The reason for using hoppy ales to mate with spicy foods is actually quite simple and for the most part, the same reason wine writers recommend high acidity wines such as German rieslings to handle gastronomic heat. The key in this relationship is the ability of the ale's hoppy bitterness to mellow the flame of the spice without needing to be served at the lager's mouth-numbingly cold temperature. After all, you are presumably eating the spice because you like the flavour and sensation you get from it, so why would you want to freeze your mouth and your palate with ice-cold beer?

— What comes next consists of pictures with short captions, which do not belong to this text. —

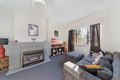 Property photo of 80 Deccan Street Goulburn NSW 2580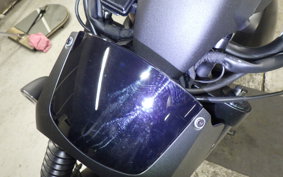 HONDA REBEL 1100 S DCT 2026 SC87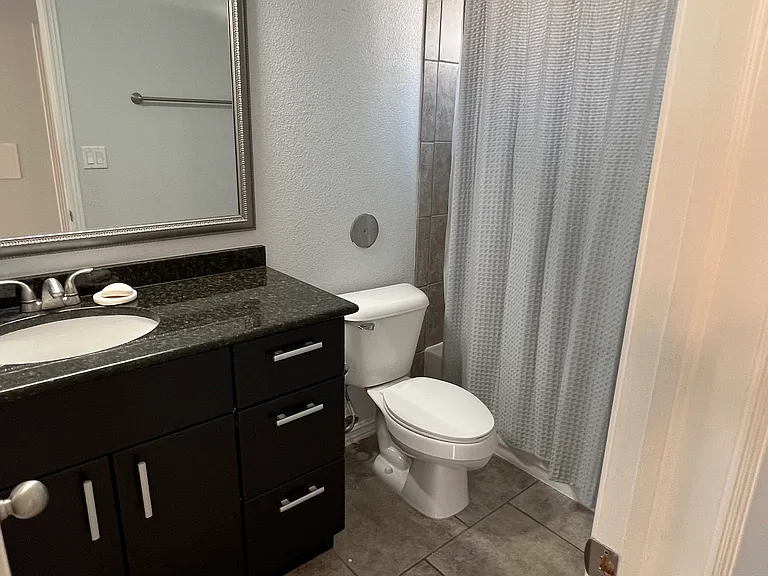 14636 Hunters Grove Ave — Photo 15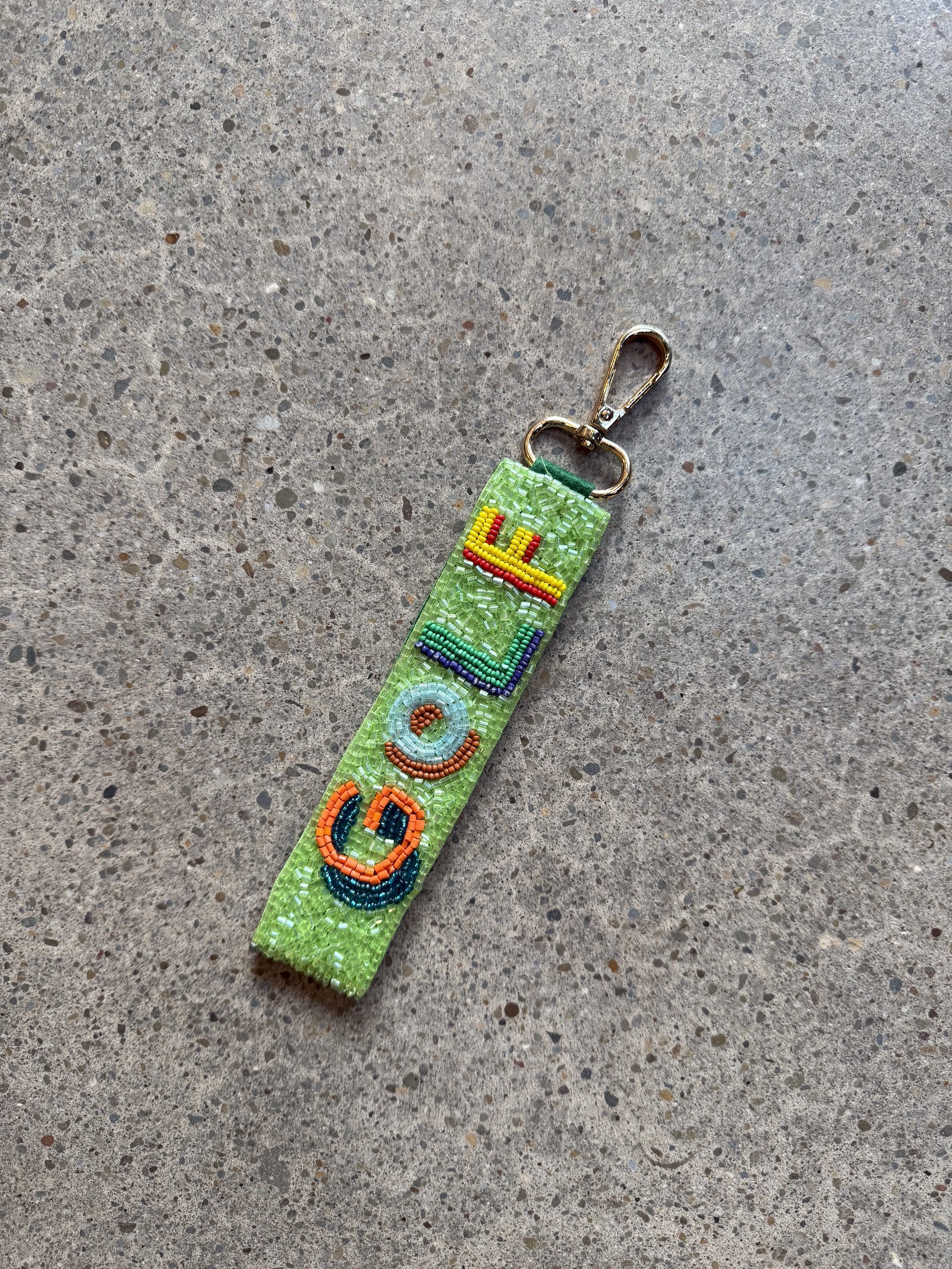 Golf Charm.jpeg
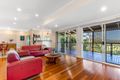 Property photo of 75 Ballinger Road Buderim QLD 4556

The other reason for the superiority of the pale ale as a mate for hot and spicy fare lies in the fullness of its body relative to that of pilsners or North American lagers, or rieslings. Because there is more to peppery foods than just the pepper, you need a beer that will hold up to the spice not just because of its hoppiness but also because of the presence of formidable character. For this reason, even the hoppiest of pilsners will not handle food heat as adeptly as a pale ale or, if very a four-alarm blaze is involved, an IPA with the extra hop and a bit more alcohol to help fight the flames.

This wonderful marriage works anywhere foods are cooked to be significantly hot -- Caribbean rotis and jerks, Tex-Mex cuisine, certain Thai foods, the hotter styles of curry and some of the spicier Cajun fare. In retrospect, however, I do not think that the relationship extends to traditional Mexican foods and admit that I probably would have chosen a doppelbock for the mole sauce back at that beer luncheon -- but I'm glad that John saw things differently.